> **EXTRACTED INFORMATION**:
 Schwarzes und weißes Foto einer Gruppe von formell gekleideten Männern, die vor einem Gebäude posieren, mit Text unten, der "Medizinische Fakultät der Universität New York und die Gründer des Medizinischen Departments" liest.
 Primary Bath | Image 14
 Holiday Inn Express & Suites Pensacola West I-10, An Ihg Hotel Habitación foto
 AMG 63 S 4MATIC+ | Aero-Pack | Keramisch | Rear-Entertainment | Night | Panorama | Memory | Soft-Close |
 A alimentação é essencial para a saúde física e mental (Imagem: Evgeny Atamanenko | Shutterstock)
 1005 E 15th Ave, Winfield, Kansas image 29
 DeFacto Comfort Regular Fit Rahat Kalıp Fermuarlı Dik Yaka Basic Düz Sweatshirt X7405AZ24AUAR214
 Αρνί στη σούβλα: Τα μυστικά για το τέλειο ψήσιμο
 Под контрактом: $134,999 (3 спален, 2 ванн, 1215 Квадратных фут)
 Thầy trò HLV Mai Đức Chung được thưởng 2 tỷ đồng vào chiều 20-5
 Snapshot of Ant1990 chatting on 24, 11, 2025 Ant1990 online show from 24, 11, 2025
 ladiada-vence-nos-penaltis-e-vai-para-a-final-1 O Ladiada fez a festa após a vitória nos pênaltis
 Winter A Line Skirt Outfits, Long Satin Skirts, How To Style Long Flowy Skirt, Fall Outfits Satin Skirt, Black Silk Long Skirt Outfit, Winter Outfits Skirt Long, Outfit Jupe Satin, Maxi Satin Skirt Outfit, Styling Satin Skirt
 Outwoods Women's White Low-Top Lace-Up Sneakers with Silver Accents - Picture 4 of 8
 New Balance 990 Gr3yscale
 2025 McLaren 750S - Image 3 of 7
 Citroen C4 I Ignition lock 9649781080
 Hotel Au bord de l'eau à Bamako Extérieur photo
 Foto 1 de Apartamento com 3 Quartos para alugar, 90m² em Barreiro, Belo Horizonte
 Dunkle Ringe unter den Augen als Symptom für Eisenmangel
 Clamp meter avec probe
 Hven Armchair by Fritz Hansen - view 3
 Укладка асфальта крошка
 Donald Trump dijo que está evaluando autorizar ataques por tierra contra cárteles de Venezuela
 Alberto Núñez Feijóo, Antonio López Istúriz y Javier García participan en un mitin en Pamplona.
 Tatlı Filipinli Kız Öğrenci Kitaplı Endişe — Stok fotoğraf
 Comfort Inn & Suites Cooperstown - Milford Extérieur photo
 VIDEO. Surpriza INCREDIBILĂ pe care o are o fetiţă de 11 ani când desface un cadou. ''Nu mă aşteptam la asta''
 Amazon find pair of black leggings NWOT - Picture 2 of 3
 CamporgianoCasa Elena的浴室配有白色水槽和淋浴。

> **DIRECTIONS**:
Using the material above, tally the lines that hold the string "Suites". Reply with the number alone.

> **EXERCISE ANSWER**:
2